The answer to that, of course, is take every flagship card in the 2019 Topps set and machine-stamp each one in foil with the logo from this past year's All-Star Game in Cleveland. Voila! Instant effortless parallel set!
This is such a lame '90s act, going on 25 years after the fact. It's not a different card at all. Even the card number on the back is the same! Yet collectors keep buying it because of the foil stamp, from buybacks to first-day issues to whatever.
And that includes me.
Yeah, it's dumb. Yeah, it's collecting the same card. Yeah, there's not even a pretty extra color on the border or anything.
Gimme.
One thing the set has going for it is, technically, I did complete the Dodgers team set from the All-Star Game set before I did the regular flagship set. The flagship Cody Bellinger card, the last one I needed, is actually in my collection (and there's another one arriving in the mail, just Nick from Dime Boxes beat COMC by a few days), but the All-Star Game set arrived first.

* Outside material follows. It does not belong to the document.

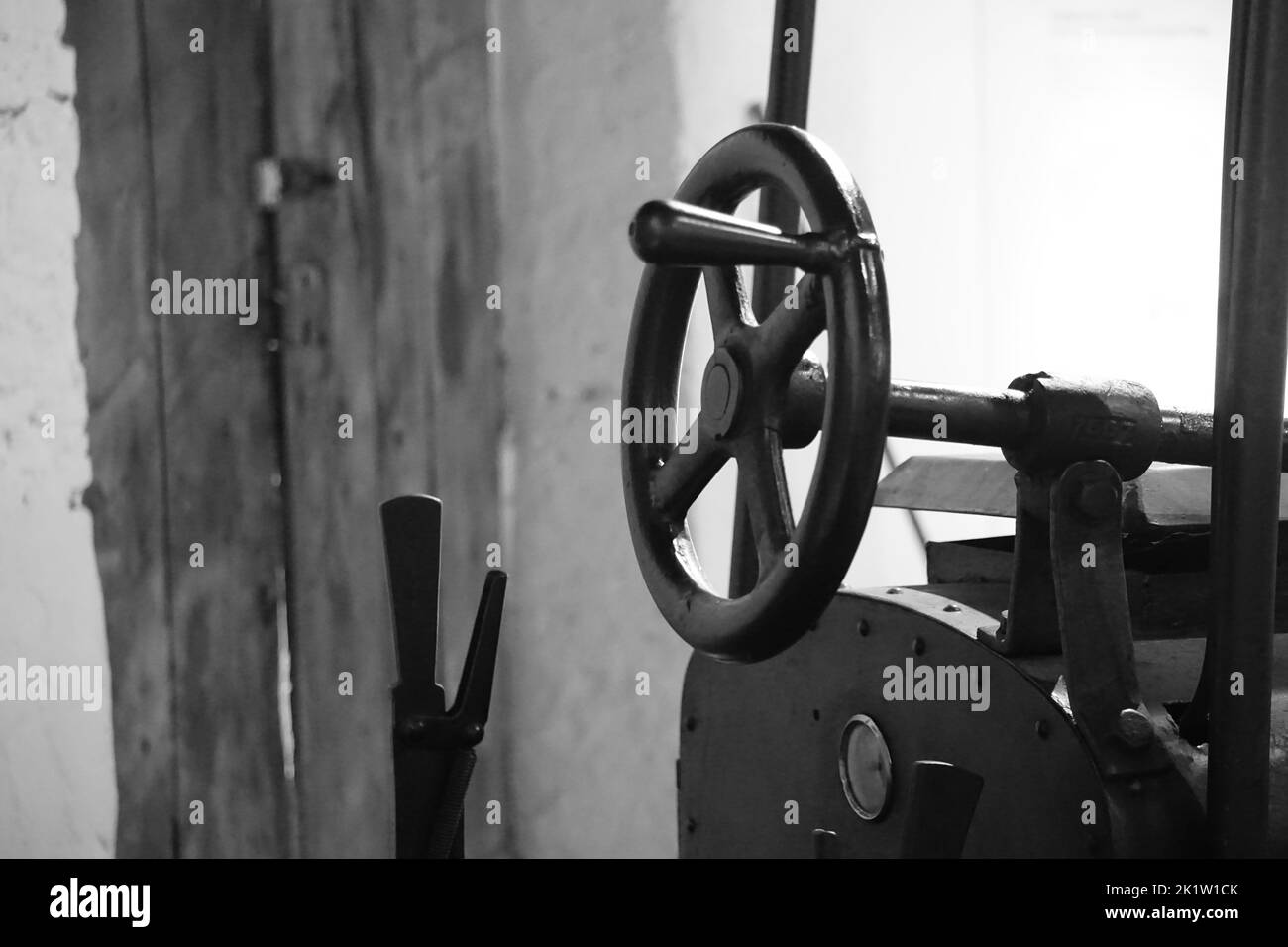 A black and white closeup of the steering wheel of a road roller Stock Photo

So, for the first time, here are all the Topps Series 1 and Series 2 Dodgers from 2019, except with a foil stamp on them!:
Those are all the cards in both flagship and the All-Star Game sets, there are no differences at all.
So, you literal thinkers are probably saying: "This is so dumb! Most of these guys aren't All-Stars! Caleb Ferguson wasn't in the All-Star Game!"

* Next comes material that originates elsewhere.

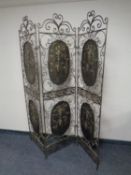 A contemporary metal three fold screen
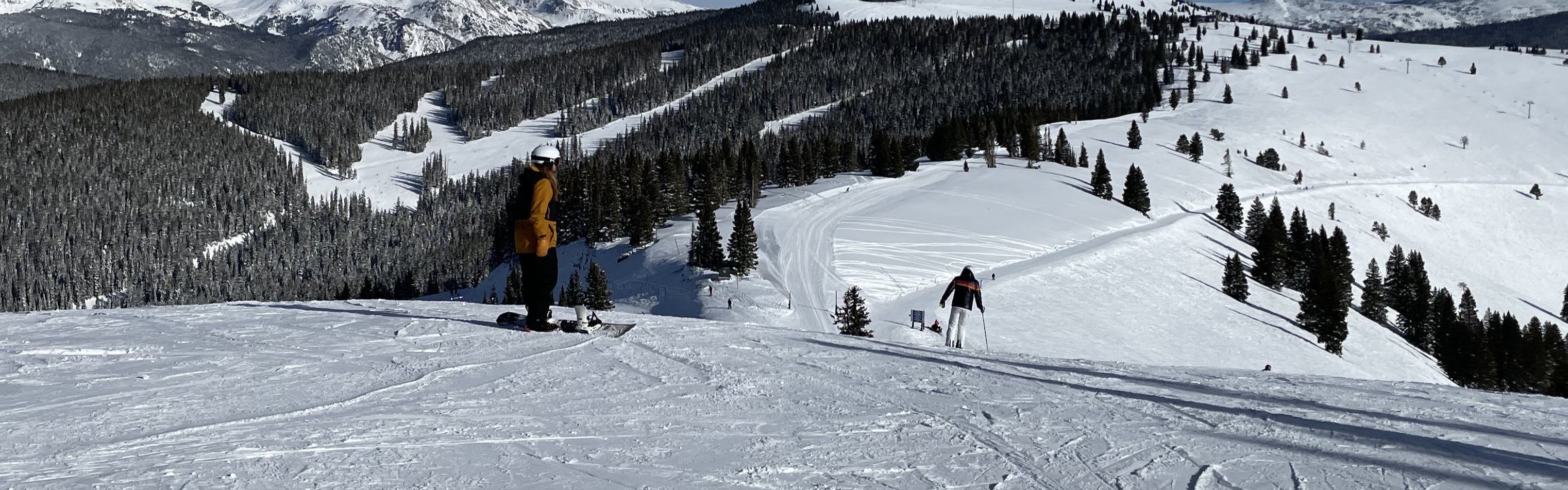 A snowboarder prepared to snowboard down a ski run. There are other skiers and snowboarders visible on the run.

Yes, I know. All the logo means is you probably could buy this "special" set at the All-Star Game in Cleveland with the "special" foil stamp.
There is no connection at all between the stamp and the photo on the card. Topps has been doing this for a few years.
And this has been going on for a long, long time. Remember those early '90s Topps cards foil stamping every player with a Florida Marlins or Colorado Rockies logo? What does a Dodger or Met or Padre player have to do with the expansion Marlins or Rockies? Zip.
Still, they're sitting in my collection.
And I won't be getting rid of them.
I can't explain it.
I have a disease.
And apparently I'm never getting well.